Euler systems for Galois deformations and the pseudo-isomorphism class of the dual of fine Selmer groups

TL;DR

This paper investigates the structure of the dual fine Selmer group in the context of $p$-adic Galois deformations, using Euler systems to approximate Fitting ideals and determine pseudo-isomorphism classes.

Contribution

It introduces a method to construct ideals from Euler systems that approximate Fitting ideals, helping classify dual fine Selmer groups for certain Galois deformations.

Findings

Ideals $C_i(c)$ approximate higher Fitting ideals of $X$.

Euler systems from Beilinson-Kato elements determine the pseudo-isomorphism class.

Results apply to ordinary and nearly ordinary Hida deformations.

Abstract

In this article, we study the pseudo-isomorphism class of the dual fine Selmer group $X$ attached to a $p$-adic Galois deformation whose deformation ring $\Lambda$ is isomorphic to the ring of formal power series.
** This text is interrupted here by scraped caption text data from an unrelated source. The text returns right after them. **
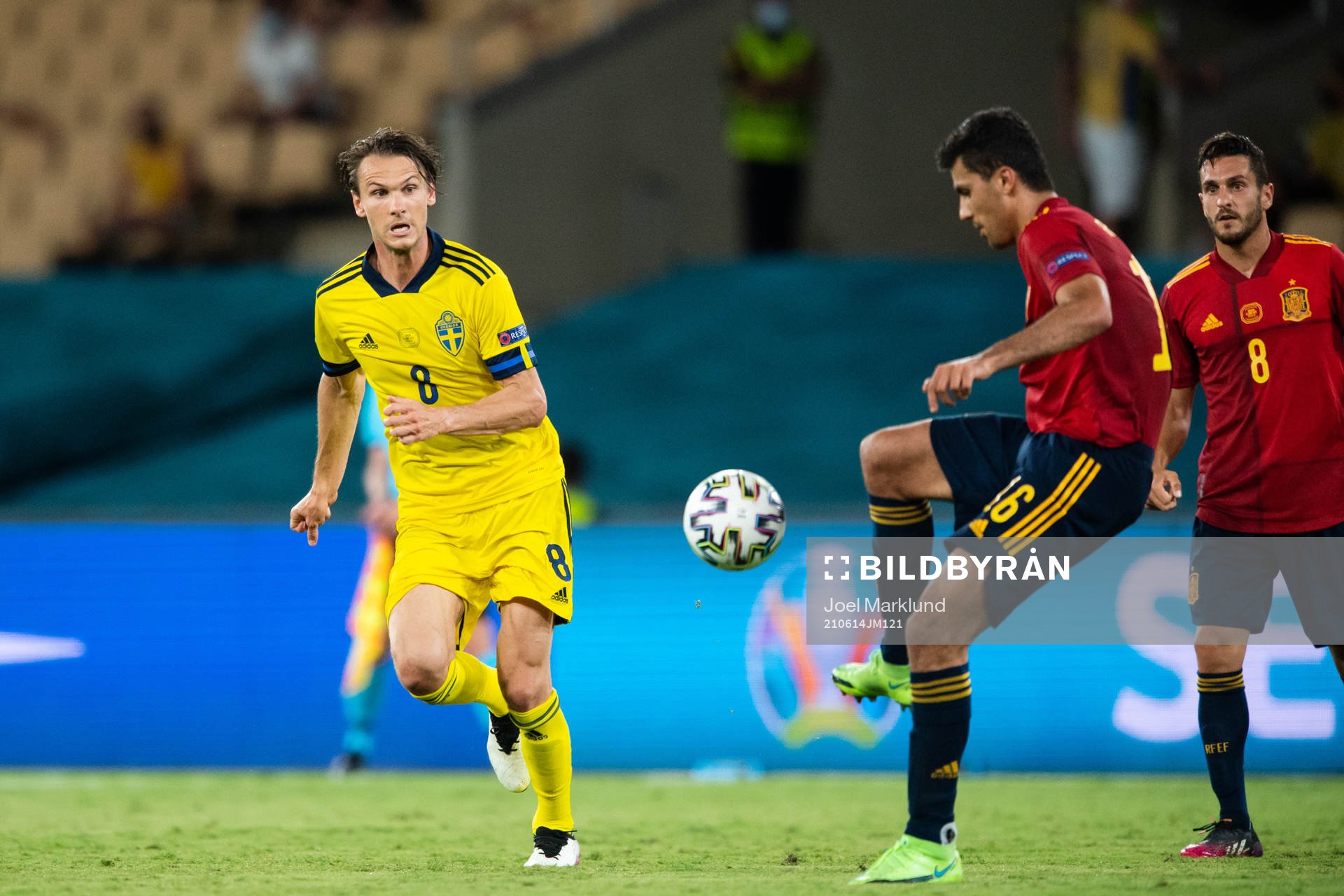 Albin Ekdal of Sweden Rodri Rodri of Spain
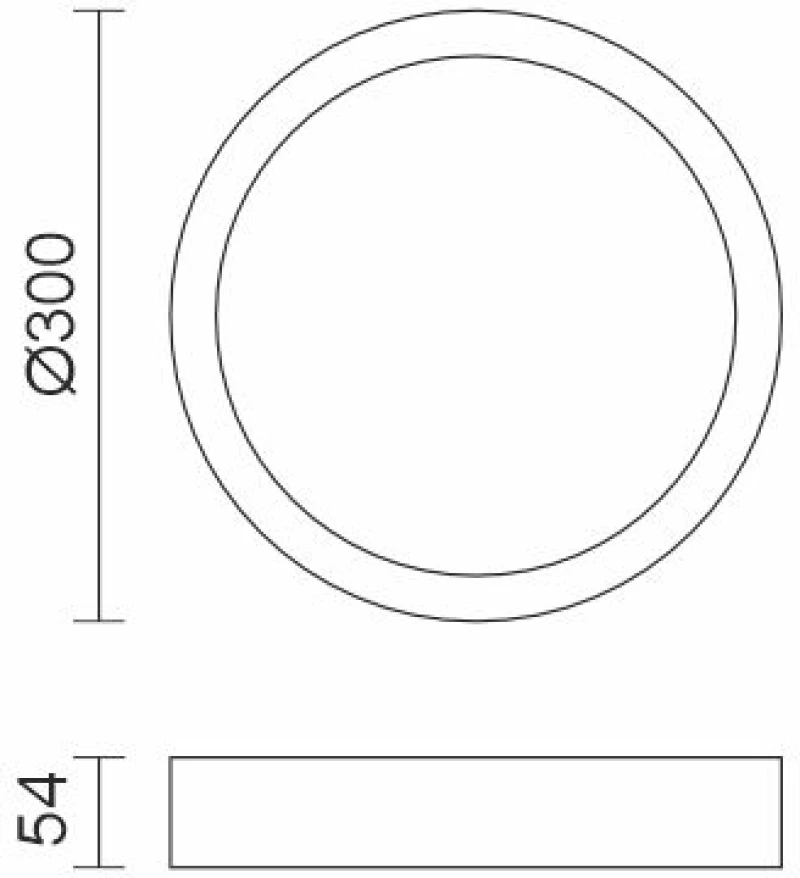 ΠΛΑΦΟΝΙΕΡΑ ΟΡΟΦΗΣ LED 36W CCT ΛΕΥΚΗ ΣΤΡΟΓΓΥΛΗ ΣΤΕΓΑΝΗ 4027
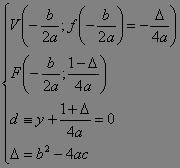 e ponendo PH = PF si ottiene l equazione (omettiamo la dimostrazione) : dove a, b, c sono parametri reali ed a è diverso da 0.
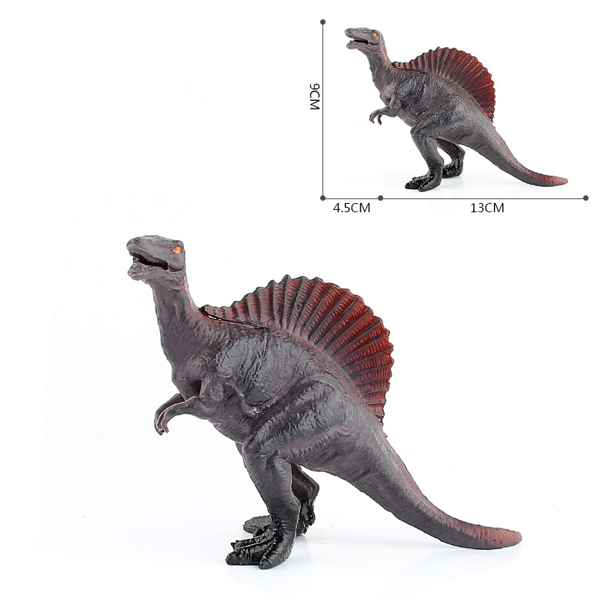 Figurina Dinozaur Model 5, Plastic, 17 cm, 2 ani+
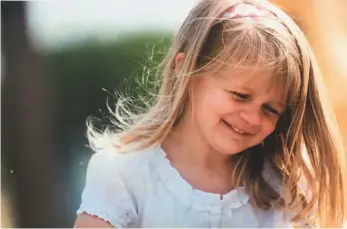  ?? BATSTONE FAMILY HANDOUT PHOTO VIA CP ?? Teagan Batstone smiles in a family handout photo from 2013. The father of an eight-year-old girl who was smothered by her mother says a happy, empathetic, sensitive and loving child was taken away from the world for no reason.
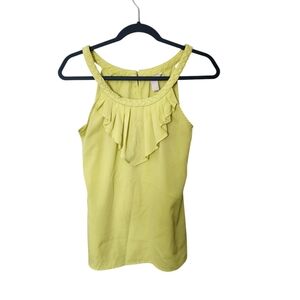 Banana Republic Braided Halter Top – Lime Yellow – Size Small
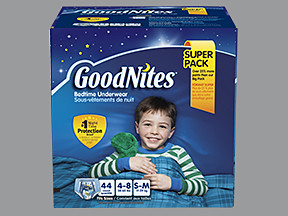 GOODNITES UNDERPANTS S-M BOYS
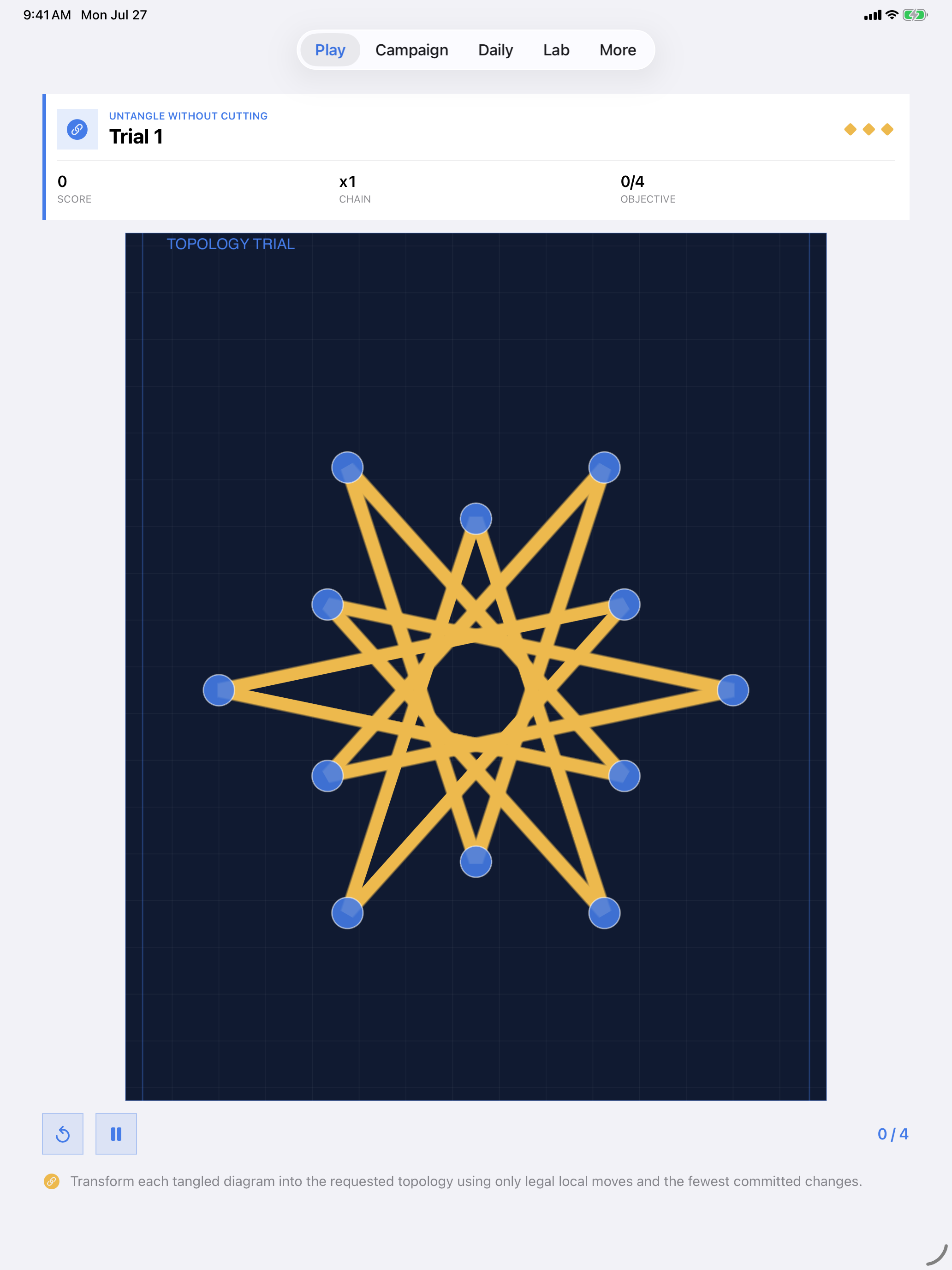 Knotspan: Topology Trials iPad screenshot 1 of 3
By using the "Kolyvagin system" arising from a given Euler system $c$, we shall construct ideals $C_i(c)$ of $\Lambda$, and prove that the ideals $C_i(c)$ approximate the higher Fitting ideals of $X$ under suitable hypothesis. In particular, we shall prove that the ideals $C_i(c)$ arising from the Euler system of Beilinson-Kato elements determine the pseudo-isomorphism classes of the dual fine Selmer groups attached to ordinary and nearly ordinary Hida deformations satisfying certain conditions.